One of the most painful experiences Chrisman can remember is detailed on her blog. For their fourteenth wedding anniversary, the pair saved money for an entire year to visit Butchart Gardens in Victoria, Canada. When they got there, they were accused of wearing costumes and denied entry. “It’s hard. But, we refuse to let the ignorance and intolerance of others dictate the pattern of our life for us,” she says.
Home is where the heart is.
Whether it’s with mom and dad, on a cruise ship, in an airport parking lot, or in a Victorian-era house, people who live in nontraditional living spaces are redefining what home can mean for them.
“In my opinion, the way Mario views Royal Caribbean cruise ships as home is no different than how several airline employees at LAX view their trailers,” says Oppenheim. “I think in large part Mario—as well as Dave, Amy, and Rudy—live their lives where their versions of reality are different than our own.”
“In these differing definitions of what is ‘essential’ and what defines the ‘heart’ in their homes, I believe that they all have discovered a freedom of a certain kind.”

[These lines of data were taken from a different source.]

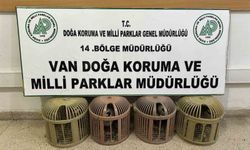 Kaçak Keklik Avına Ağır Ceza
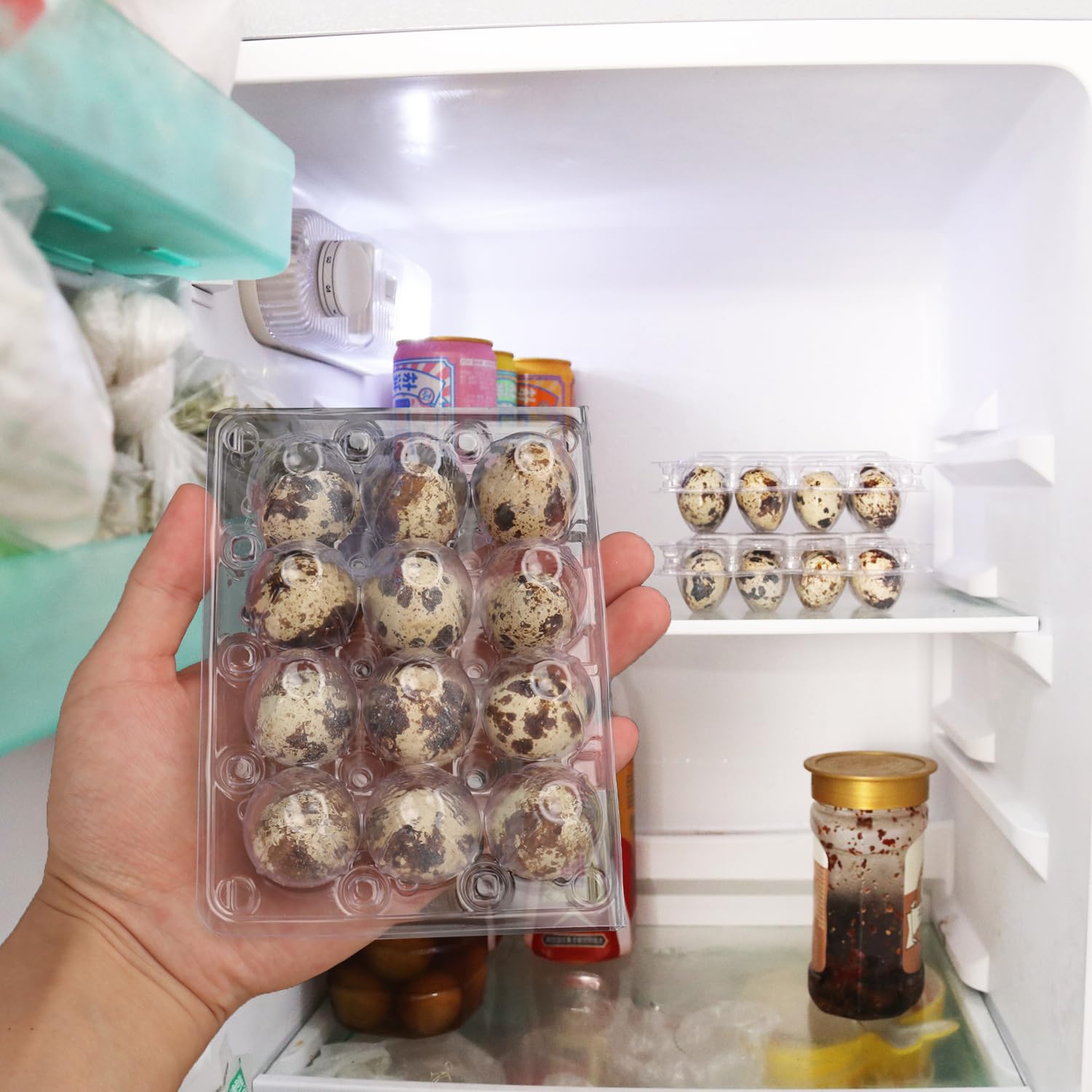 Paquete de 200 cajas de huevos de codorniz, bandejas de plástico transparente para huevos de codorniz, con capacidad para hasta 12 huevos de codorniz de forma segura, tus mejores soportes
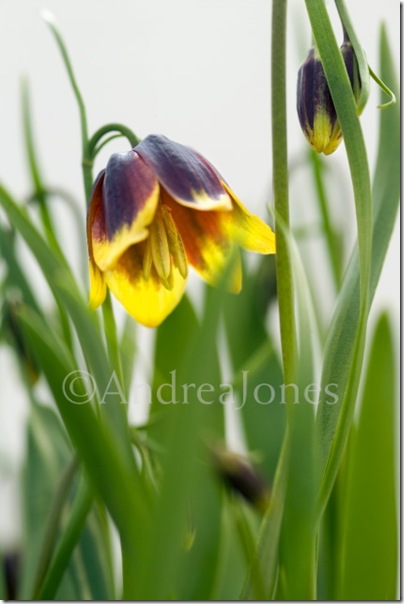 Fritillaria reuteri (GB)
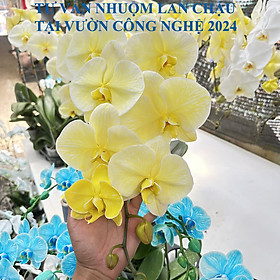 Thuốc Nhuộm Hoa Lan Chậu Hồ Điệp Trồng Chậu Công Nghệ Israel (chai 100ml) đặc biệt dùng nhuộm đổi màu hoa lan chậu Hồ Điệp tại vườn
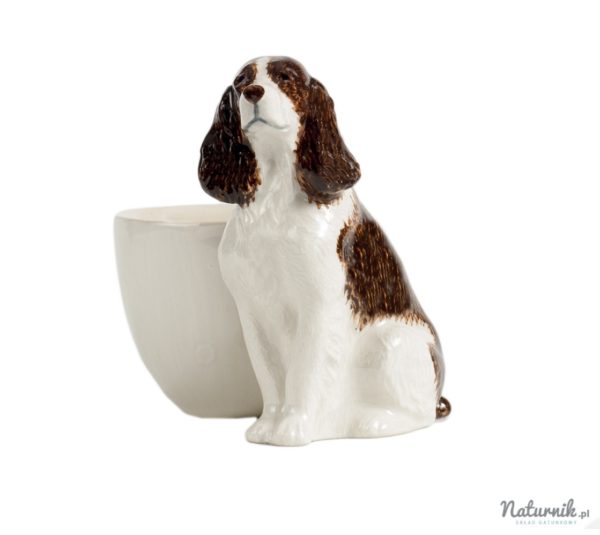 SpringerSpanielwitheggcup__16493.1382107939.1280.1280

For Chrisman, living the lifestyle that she and Gabriel do on a daily basis is simply a matter of following dreams. “We think a lot of people miss out on following their dreams and engaging deeply with the world,” she says. “Too many people never try anything different in life because they get hung up on the idea that any shift has to be an ‘all or nothing’ proposition, but when they let this attitude stop them from exploring different avenues of learning or different ways of living, they get in their own way and become their own stumbling block.”
While Chrisman acknowledges that not everyone is going to agree with or have the same kind of dreams that she and her husband have, she thinks the world would be a better place if people would stop letting societal pressure and expectations dictate how they live.
“Too many people drift through life doing things a certain way or buying products they don’t need simply because these are things other people do and buy,” she says. “It would be much better if people really considered what they truly need and want from life—then pursued those goals with all their heart and nerve and sinew.”
When asked if she feels that she and her husband are missing out on any of the modern advancements of life in 2018, Chrisman is unequivocal. “Not at all,” she says. “We’re doing this because it brings us joy and draws us closer together.”